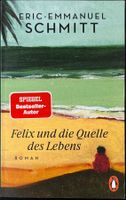 Felix und die Quelle des Lebens – Eric Emmanuel Schmitt – TB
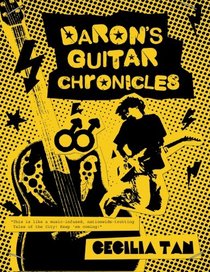 Daron's Guitar Chronicles: Omnibus Edition: A story of rock and roll, coming out, and coming of age in the 1980s (Volume 1)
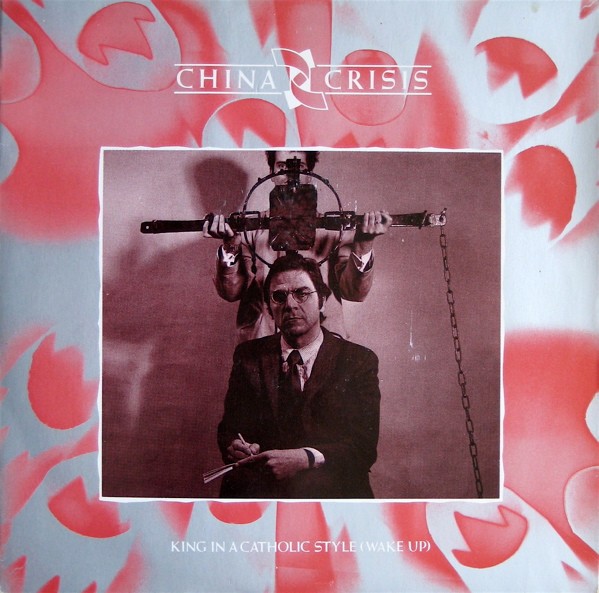 China Crisis - King In A Catholic Style (Wake Up) (7", Single) (Very Good Plus (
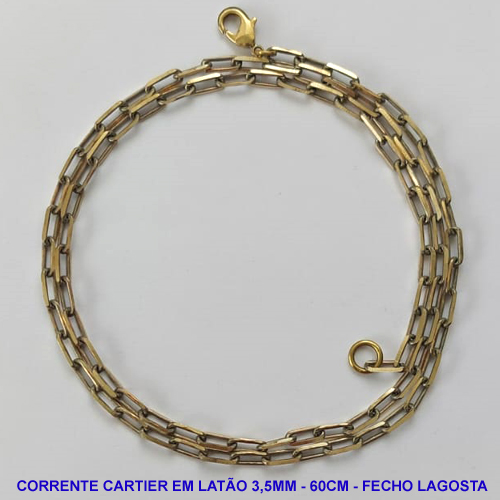 CORRENTE NO BRUTO PRONTO PARA O BANHO - CORRENTE CARTIER LONGA (KDL1.00) - COMPRIMENTO: 60CM - LARGURA 3,5MM - FECHO LAGOSTA - PESO 9,9GR - COMPOSIÇÃO: 100% LATÃO - BRU9551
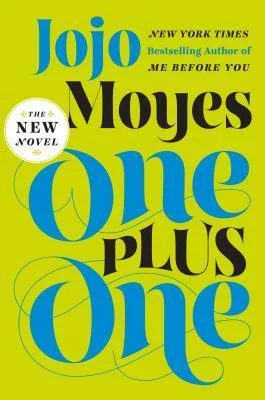 Featured image for Résumé de "Un plus un" par Jojo Moyes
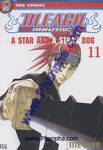 Bleach เทพมรณะ 11 - A Star And A Stray Dog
———
Instructions to follow:
Nothing but the records themselves, exact and complete, should be returned; leave the pictures out.

Task answer:
 Felix und die Quelle des Lebens – Eric Emmanuel Schmitt – TB
 Daron's Guitar Chronicles: Omnibus Edition: A story of rock and roll, coming out, and coming of age in the 1980s (Volume 1)
 China Crisis - King In A Catholic Style (Wake Up) (7", Single) (Very Good Plus (
 CORRENTE NO BRUTO PRONTO PARA O BANHO - CORRENTE CARTIER LONGA (KDL1.00) - COMPRIMENTO: 60CM - LARGURA 3,5MM - FECHO LAGOSTA - PESO 9,9GR - COMPOSIÇÃO: 100% LATÃO - BRU9551
 Featured image for Résumé de "Un plus un" par Jojo Moyes
 Bleach เทพมรณะ 11 - A Star And A Stray Dog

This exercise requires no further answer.